(Exercise materials)
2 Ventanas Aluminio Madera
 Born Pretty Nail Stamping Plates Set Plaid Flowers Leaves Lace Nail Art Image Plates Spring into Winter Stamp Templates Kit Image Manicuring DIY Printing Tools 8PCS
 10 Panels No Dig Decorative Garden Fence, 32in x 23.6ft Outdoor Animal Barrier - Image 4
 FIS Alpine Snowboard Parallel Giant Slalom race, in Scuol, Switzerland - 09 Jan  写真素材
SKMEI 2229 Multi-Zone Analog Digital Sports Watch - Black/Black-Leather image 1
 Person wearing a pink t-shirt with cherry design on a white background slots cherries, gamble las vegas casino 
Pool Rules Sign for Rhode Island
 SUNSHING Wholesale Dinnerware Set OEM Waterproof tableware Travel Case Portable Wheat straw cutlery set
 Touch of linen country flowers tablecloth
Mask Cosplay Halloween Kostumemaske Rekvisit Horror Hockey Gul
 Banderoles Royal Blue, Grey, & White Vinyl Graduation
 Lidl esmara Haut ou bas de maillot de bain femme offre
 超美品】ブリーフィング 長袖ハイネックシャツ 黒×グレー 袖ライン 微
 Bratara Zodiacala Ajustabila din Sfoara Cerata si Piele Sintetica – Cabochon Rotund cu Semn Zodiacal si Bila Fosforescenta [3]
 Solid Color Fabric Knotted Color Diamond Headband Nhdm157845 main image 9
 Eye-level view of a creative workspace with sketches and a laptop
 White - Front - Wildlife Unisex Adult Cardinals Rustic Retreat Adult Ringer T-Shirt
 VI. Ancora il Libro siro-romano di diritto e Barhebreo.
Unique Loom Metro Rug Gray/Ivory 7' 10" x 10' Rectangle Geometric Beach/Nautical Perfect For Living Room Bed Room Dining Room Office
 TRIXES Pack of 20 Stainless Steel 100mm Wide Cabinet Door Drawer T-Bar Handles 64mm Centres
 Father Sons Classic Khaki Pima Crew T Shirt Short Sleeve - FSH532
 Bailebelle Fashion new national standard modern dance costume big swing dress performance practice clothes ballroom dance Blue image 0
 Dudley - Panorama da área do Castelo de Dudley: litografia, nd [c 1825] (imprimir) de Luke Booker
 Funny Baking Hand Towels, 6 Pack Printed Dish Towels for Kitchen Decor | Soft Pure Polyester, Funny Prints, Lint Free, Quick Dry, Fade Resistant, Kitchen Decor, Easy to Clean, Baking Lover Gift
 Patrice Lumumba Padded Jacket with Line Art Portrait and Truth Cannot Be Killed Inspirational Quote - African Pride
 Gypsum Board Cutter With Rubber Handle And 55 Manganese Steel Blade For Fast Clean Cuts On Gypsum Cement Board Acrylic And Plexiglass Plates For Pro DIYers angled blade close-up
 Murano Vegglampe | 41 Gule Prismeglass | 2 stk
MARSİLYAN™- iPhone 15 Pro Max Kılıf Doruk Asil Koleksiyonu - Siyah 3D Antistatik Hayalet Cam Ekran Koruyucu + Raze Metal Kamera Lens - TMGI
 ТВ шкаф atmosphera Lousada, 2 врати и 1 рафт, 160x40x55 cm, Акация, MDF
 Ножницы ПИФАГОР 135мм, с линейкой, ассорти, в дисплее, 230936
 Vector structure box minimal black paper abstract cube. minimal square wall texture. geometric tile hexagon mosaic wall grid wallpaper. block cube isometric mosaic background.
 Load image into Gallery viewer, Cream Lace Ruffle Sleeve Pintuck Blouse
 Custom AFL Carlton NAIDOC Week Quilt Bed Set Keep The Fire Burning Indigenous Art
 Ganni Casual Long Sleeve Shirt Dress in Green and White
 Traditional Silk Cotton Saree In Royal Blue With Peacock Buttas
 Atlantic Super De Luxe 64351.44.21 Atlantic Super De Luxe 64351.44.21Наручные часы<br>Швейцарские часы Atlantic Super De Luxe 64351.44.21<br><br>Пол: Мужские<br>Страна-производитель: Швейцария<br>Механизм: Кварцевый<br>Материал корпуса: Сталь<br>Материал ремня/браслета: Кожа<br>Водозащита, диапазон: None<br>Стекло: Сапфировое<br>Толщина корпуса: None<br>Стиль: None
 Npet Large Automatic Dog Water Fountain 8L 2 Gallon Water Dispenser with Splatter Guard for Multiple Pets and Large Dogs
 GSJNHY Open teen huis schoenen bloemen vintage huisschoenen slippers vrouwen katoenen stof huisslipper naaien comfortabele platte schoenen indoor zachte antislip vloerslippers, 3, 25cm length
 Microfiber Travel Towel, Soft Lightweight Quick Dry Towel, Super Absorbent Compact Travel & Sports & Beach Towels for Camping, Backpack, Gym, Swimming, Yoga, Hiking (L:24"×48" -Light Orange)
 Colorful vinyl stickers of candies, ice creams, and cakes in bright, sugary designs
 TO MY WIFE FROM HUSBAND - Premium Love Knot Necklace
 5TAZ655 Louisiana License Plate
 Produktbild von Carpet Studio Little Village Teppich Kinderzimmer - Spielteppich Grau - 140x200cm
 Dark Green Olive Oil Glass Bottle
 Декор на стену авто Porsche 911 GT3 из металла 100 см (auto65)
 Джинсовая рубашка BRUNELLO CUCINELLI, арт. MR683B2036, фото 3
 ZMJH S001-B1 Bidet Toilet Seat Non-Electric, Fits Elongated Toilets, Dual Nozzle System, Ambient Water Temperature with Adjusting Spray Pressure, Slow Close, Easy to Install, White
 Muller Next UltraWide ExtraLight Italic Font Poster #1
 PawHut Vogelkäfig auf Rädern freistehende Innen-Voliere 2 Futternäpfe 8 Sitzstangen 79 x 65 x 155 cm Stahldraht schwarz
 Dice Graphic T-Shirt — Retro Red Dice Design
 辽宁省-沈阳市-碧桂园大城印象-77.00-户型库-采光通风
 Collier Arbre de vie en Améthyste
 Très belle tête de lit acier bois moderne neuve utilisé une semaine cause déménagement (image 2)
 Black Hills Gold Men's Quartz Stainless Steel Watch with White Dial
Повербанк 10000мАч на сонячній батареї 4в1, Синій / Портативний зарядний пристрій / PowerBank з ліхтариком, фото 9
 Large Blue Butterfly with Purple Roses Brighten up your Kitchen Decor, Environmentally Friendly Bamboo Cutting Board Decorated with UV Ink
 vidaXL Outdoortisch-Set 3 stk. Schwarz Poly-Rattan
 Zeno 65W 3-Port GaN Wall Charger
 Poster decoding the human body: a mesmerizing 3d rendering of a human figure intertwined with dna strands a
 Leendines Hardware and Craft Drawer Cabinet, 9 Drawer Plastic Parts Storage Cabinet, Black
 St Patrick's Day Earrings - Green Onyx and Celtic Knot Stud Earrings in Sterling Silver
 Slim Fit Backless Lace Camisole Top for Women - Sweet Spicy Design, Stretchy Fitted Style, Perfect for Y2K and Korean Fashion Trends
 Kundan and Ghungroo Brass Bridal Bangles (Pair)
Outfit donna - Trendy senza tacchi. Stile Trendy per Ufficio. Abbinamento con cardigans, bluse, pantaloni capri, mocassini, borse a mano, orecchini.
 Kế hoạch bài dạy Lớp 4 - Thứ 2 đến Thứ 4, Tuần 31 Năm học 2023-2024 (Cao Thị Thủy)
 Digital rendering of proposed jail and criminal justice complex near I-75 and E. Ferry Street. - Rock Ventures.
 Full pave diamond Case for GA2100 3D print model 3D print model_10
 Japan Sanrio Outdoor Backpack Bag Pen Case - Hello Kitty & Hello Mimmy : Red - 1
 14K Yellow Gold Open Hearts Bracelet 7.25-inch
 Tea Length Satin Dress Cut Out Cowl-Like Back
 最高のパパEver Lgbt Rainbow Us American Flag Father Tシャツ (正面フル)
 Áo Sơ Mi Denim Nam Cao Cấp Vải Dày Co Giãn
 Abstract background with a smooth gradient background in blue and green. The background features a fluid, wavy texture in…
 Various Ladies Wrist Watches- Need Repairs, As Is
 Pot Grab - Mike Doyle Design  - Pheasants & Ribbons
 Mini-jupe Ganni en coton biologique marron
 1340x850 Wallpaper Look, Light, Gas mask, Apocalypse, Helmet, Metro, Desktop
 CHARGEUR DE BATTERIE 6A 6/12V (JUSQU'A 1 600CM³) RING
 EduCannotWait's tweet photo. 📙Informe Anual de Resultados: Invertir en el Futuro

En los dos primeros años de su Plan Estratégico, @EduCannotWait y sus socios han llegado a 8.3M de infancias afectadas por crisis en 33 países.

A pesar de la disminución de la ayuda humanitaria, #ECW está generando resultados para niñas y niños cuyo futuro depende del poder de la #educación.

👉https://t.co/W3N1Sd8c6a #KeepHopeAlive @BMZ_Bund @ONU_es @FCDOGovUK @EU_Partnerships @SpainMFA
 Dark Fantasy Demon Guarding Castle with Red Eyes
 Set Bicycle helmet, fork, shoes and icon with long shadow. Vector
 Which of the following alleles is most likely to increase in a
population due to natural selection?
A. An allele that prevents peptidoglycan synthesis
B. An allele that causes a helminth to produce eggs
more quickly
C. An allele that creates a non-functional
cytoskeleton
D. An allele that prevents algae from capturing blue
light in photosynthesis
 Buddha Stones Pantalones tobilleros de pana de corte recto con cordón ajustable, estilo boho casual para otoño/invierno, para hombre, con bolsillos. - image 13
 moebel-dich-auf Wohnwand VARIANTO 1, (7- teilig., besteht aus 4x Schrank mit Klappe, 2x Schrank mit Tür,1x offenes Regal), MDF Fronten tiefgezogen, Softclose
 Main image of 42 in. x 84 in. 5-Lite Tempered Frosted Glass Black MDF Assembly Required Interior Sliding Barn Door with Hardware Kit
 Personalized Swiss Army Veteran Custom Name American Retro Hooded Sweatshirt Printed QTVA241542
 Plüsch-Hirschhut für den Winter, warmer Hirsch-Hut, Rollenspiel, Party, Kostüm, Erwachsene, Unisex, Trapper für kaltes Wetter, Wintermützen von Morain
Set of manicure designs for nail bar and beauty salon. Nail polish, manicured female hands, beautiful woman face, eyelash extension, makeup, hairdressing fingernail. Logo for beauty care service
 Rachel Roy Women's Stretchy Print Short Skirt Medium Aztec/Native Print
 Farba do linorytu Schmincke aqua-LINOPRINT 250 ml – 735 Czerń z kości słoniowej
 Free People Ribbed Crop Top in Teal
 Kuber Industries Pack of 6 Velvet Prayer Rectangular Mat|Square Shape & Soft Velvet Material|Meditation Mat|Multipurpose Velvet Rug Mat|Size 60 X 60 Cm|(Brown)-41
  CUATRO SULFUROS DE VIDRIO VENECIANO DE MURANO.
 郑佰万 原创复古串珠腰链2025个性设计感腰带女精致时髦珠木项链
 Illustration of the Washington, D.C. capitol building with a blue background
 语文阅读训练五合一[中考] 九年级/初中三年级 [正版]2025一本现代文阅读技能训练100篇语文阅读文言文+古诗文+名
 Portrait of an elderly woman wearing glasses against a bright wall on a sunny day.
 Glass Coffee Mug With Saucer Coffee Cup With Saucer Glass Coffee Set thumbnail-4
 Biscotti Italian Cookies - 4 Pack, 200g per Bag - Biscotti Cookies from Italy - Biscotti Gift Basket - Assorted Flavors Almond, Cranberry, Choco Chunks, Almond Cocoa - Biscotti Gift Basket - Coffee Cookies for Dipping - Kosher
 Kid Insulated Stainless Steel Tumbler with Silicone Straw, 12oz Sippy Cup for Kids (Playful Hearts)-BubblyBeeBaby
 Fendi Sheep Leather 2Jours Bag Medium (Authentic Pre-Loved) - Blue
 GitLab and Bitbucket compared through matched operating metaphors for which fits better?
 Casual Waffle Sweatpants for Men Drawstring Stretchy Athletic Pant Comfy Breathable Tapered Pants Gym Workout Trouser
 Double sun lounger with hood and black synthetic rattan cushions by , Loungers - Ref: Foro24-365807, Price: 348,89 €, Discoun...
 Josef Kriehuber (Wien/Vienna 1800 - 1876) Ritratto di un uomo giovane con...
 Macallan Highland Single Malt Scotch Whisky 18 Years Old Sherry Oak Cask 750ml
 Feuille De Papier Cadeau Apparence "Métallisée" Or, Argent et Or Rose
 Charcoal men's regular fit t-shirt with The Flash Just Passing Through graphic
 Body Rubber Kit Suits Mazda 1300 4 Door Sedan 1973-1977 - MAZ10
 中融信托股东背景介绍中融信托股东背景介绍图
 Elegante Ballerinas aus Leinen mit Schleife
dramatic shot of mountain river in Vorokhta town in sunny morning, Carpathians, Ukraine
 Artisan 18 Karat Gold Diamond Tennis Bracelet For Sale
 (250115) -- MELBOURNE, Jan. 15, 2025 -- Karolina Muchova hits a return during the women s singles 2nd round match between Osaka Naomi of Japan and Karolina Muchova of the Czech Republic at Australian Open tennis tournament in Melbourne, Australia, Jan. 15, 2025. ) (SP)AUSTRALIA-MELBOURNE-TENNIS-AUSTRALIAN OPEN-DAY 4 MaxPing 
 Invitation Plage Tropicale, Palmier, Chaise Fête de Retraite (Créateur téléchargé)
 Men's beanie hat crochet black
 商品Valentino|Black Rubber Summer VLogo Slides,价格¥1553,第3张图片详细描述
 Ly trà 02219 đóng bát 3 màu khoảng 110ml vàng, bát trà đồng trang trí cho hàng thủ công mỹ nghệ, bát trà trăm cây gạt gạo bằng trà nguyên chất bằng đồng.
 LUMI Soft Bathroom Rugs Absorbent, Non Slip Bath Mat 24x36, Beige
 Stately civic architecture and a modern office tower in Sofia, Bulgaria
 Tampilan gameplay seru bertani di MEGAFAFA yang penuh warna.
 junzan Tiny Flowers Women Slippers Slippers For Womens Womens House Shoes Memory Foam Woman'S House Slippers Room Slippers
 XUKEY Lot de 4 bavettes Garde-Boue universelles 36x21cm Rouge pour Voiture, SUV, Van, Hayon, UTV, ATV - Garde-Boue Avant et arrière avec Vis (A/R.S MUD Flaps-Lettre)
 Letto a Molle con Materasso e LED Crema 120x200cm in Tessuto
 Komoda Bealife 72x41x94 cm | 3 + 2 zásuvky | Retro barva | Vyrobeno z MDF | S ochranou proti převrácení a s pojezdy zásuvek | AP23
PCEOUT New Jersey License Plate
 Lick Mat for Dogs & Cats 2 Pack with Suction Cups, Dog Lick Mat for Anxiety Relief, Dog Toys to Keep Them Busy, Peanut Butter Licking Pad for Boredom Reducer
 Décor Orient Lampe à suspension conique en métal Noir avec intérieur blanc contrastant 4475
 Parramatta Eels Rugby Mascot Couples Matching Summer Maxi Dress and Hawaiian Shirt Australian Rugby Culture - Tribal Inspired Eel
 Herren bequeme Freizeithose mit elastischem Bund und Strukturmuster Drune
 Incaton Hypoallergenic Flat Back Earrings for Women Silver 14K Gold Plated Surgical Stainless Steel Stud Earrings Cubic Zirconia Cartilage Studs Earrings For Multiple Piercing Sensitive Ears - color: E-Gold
(End Exercise materials)
▶ **Exercise directions**
Your answer should be all lines from the data that contain "Travel".

▶ **Reply**
 SUNSHING Wholesale Dinnerware Set OEM Waterproof tableware Travel Case Portable Wheat straw cutlery set
 Microfiber Travel Towel, Soft Lightweight Quick Dry Towel, Super Absorbent Compact Travel & Sports & Beach Towels for Camping, Backpack, Gym, Swimming, Yoga, Hiking (L:24"×48" -Light Orange)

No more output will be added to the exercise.